Python applications do leak memory. Not due to Python itself, but due to application bugs. Though recent versions of Python have a true garbage collector that breaks cyclical references, you may still leak a lot of memory by keeping object references in forgotten corners of your code.
Another common reason of memory leak is the presence of __del__ method in a class, which prevents the garbage collector to break cycles with those classes. And then, the uncollected object keeps references to others, which keep references to others, and suddendly 90% of your object pool cannot go away.
Unfortunately my application was leaking so much memory this way, that it was getting sluggish to use in half an hour. So I had to hunt which objects were not being freed, and why. I managed to improve the situation a lot by breaking references "manually" (setting all references to other classes to None when the class had an explicit unload method), until I found the real culprit: three classes that had __del__ methods.
The technique I put together (with the help of a lot of Googling) was to explore some features of garbage collector (gc).
import gc
gc.collect()
objects = gc.get_objects()
objects_id = {}
for o in objects:
objects_id[id(o)] = True
# gc.garbage
In this code, I force a garbage collection, so I won't see collectable cyclic references; and then I get the complete pool of active objects. There will be several thousands of them at minimum, since everything is there: functions, methods, modules, instances, variables, etc.
The gc.garbage list contains a list of objects that gc could not garbage-collect because it didn't know how to brake the cycle of references; and it tipically happens when one class has a __del__ method, which means that developer should clean the reference by himself, but didn't. It is a very good place to begin to search for leaks.

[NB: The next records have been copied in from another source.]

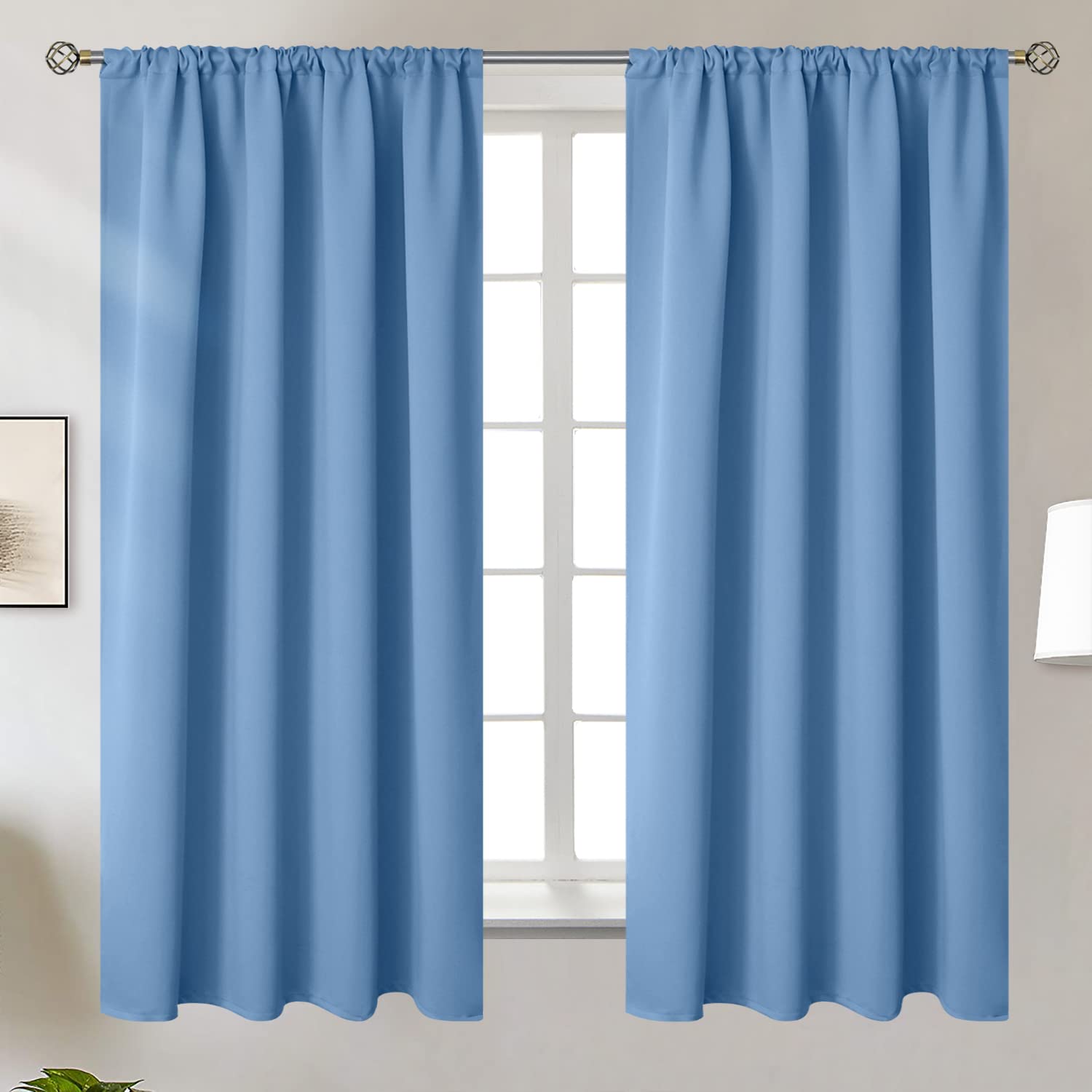 Blackout Curtains 63 Inches Long for Bedroom (2 Count)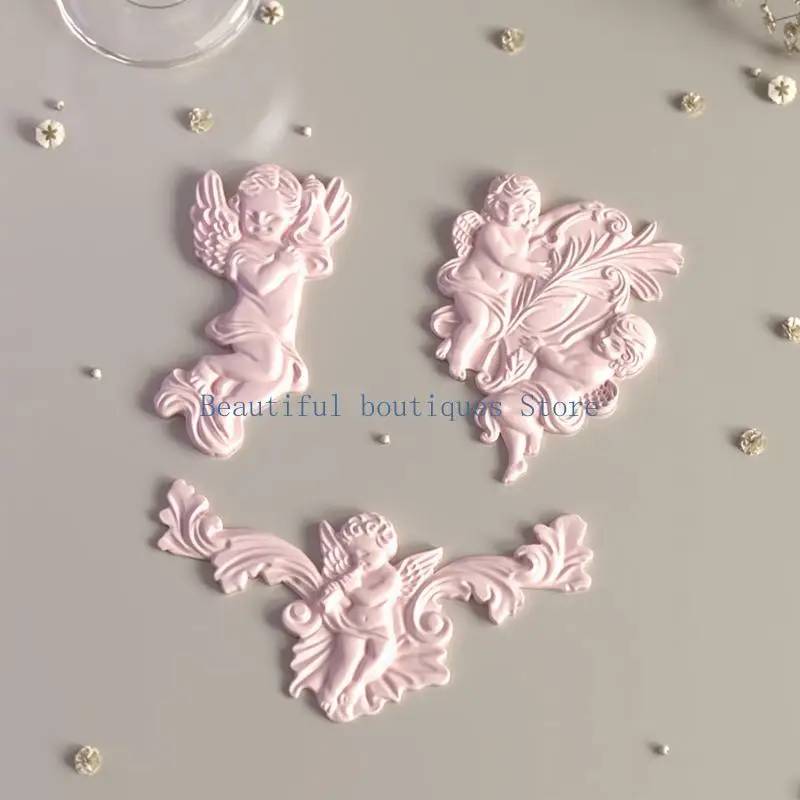 U4LF Silicone Angel Pattern Candle Mold Set Silicone Texture for Artistic Creations and Festival Atmosphere Enhancement
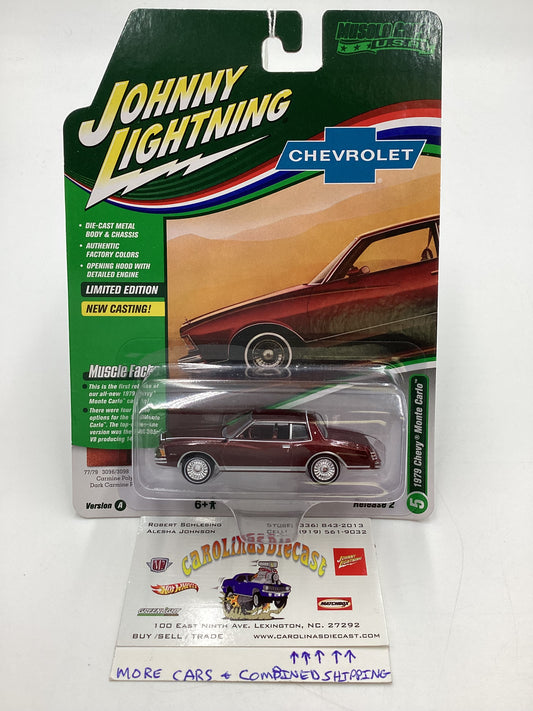 Johnny Lightning Muscle Cars U.S.A. Release 2 Version A 1979 Chevy Monte Carlo Dark Red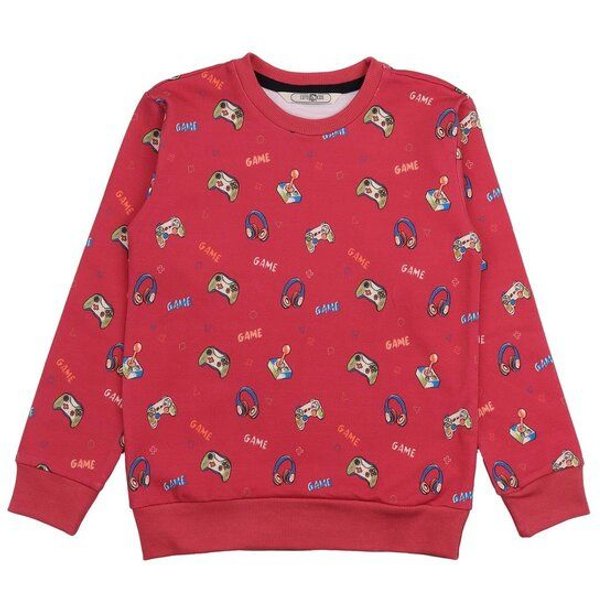 Cotokids Kinder Sweatshirt Baumwolle, Rot, Allover-Muster, Walkiddy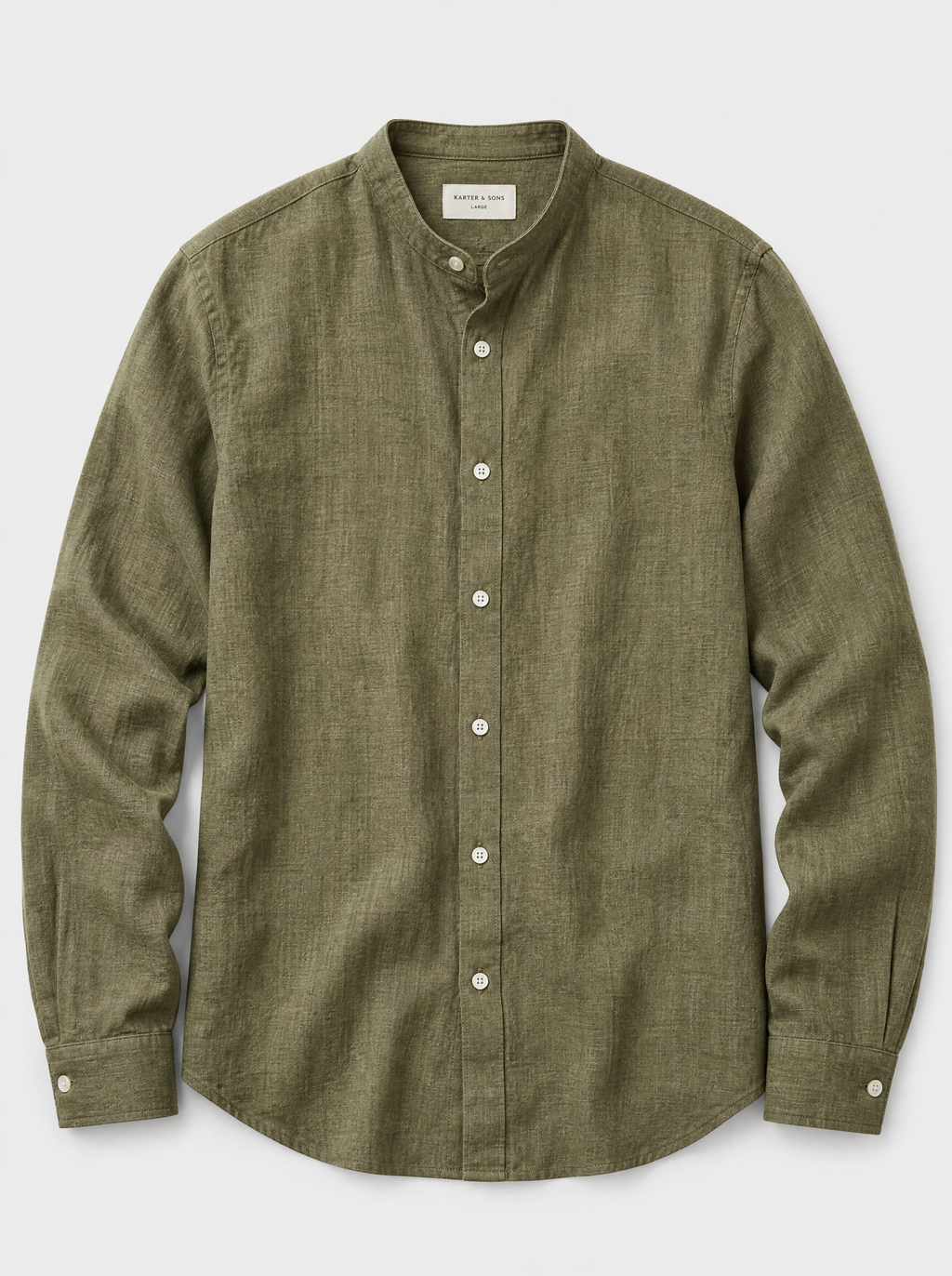 The Lipari Shirt — olive linen-cotton mandarin collar shirt, front view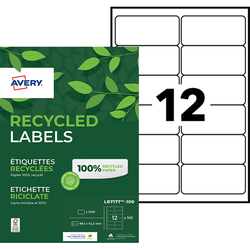 BOITE 1200 ETIQUETTES AVERY BLANCHES LASER RECYCLEES 99,1 x 42,3 MM - LR7177-100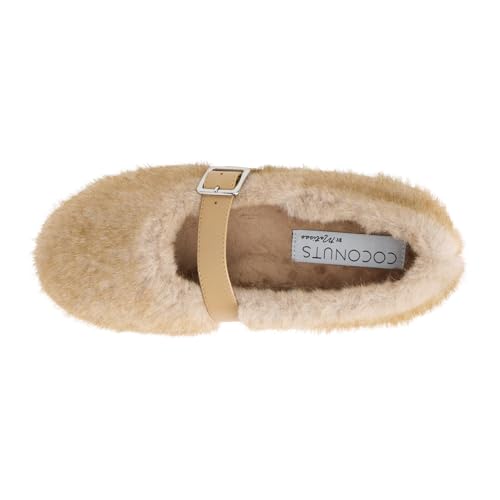 Coconuts by Matisse Womens Nome Faux Fur Mary Jane Flats Casual - Beige4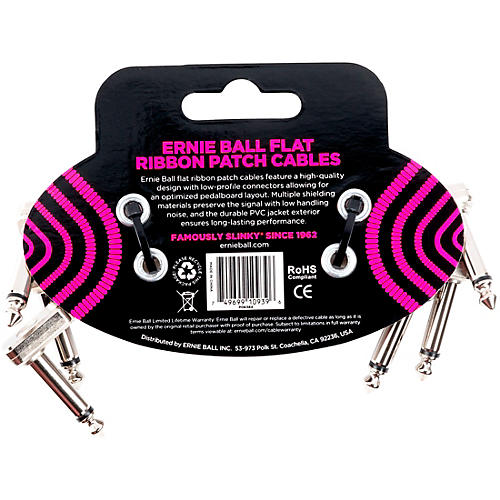 Ernie Ball Flat Ribbon 3-Pack Patch Cables 6 in. Red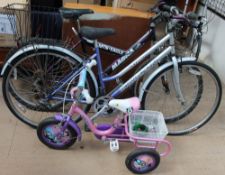 An Explorer Falcon Lady's bicycle together with a Magna Min eagle bicycle and a child's Kitten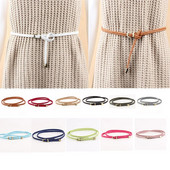 Lady Skinny Twist Woven Belt Плетен колан за жени Колан за талия Колан за рокля Тънък кожен тесен плетен декоративен колан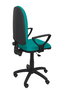 Silla de oficina Aýna con mecanismo Contacto permanente básico tapizada con Tela color Turquesa. Equipada con Base poliamida negra, Brazos fijos y Ruedas de nailon 50 mm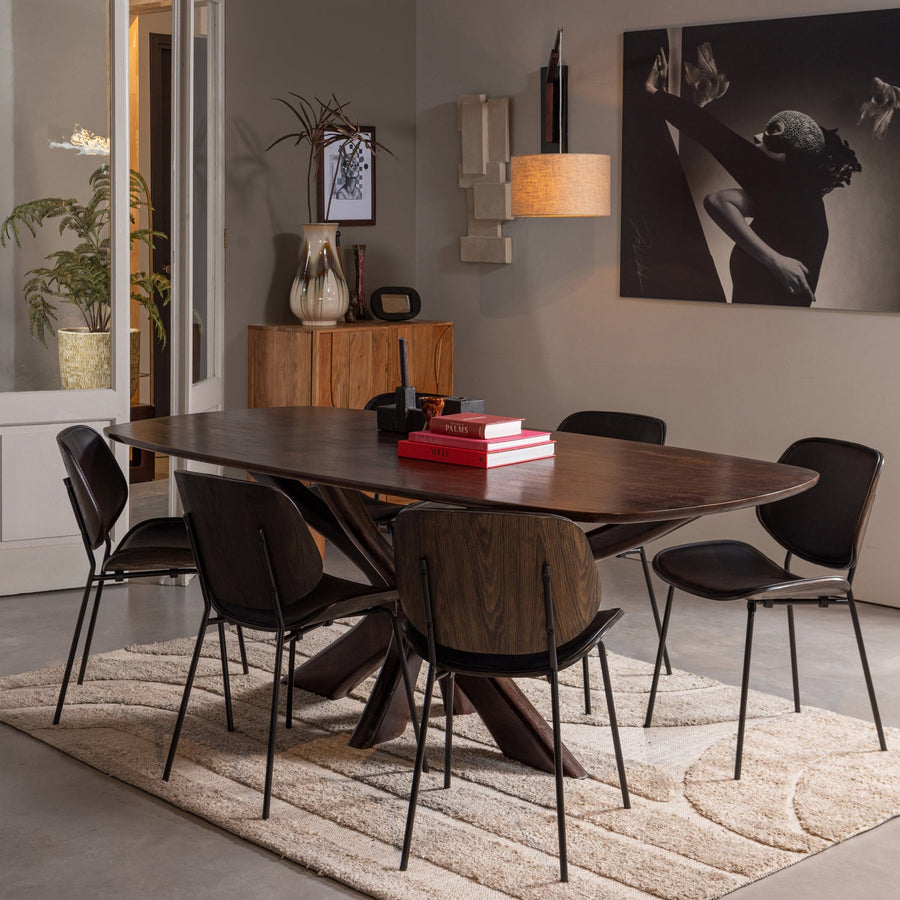 Close in eetkamerstoel leerlook/multiplex zwart - set van 2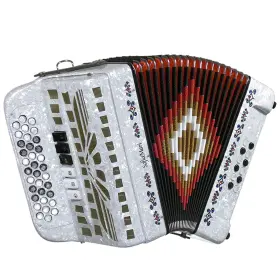 Smtt-3412-gcf-fbe-wh Sofiamari Two Tone Button Accordion White Pearl Gcf/fbe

But my application was also keeping objects alive by true references (not cyclical references), and I needed to find who was referring those leaked objects. In order to do that, I did the following code:
for o in l:
print o
if verbose >= 2:
if o in gc.garbage:
print o
print " In gc.garbage (possible cause: " \
"presence of __del__ method)"
else:
cold_trail, lines = show_referrers(o, [id(o)], 1)
for line in lines:
print line
def show_referrers(initial_object, backrefs, level):
cold_trail = True
lines = []
for o in gc.get_referrers(initial_object):
bump = 0
if (id(o) in backrefs):
# cyclical reference to an object of the trail
continue
elif (id(o) not in objects_id):
# object created within this very routine
continue
if isinstance(o, (type, ModuleType, FunctionType)):
# dead end, but at least we are 100% sure
# this trail does not lead to a cycle
#
# lines.append(" "*(level+1) + str(type(o)) + \
# " " + str(o)[0:80])
cold_trail = False
continue
if isinstance(o, (BufferType)):
# uninteresting to print, but must be followed
pass
else:
lines.append(" "*(level+1) + str(type(o)) + " " + \
str(o)[0:80])
bump = 1
if len(backrefs) < 8:
backrefs_new = backrefs[:]
backrefs_new.append(id(o))
referrers_are_cold_trails, referrers_lines = \
show_referrers(o, backrefs_new, level+bump)
lines.extend(referrers_lines)
cold_trail = cold_trail and referrers_are_cold_trails
if cold_trail:
# our introspection was worthless because
# only lead to cyclical refs
lines = []
return (cold_trail, lines)
It is centered around the gc.get_referrers() function which returns who is keeping references to a given object. Since the primary reference is most likely being kept by a list or a dictionary, we need then to find who refers to that list or dict, and so on.
Of course one object may be referred by many others, and some references end up being a cycle. Those cycles can be ignored because if they were the only problem, GC would have done away with the object (except by the __del__ cases). What keeps the object alive is a non-cyclic reference. So my code tries to detect and ignore referral paths that lead to a cycle, calling it a "cold trail".
When the ultimate referrer to an object is a module or a function, it may or may not be helpful to print it. In my case, it was not, so I commented out the code that annotates such objects. If no referrer to the object is listed, try then to enable this annotation too,
I used object IDs in object_id and backref since "object in list" may fail if some involved class implements a custom __eq__. And, due to the low-level nature of those operations, I felt more comfortable using IDs, as if it were C++ pointers.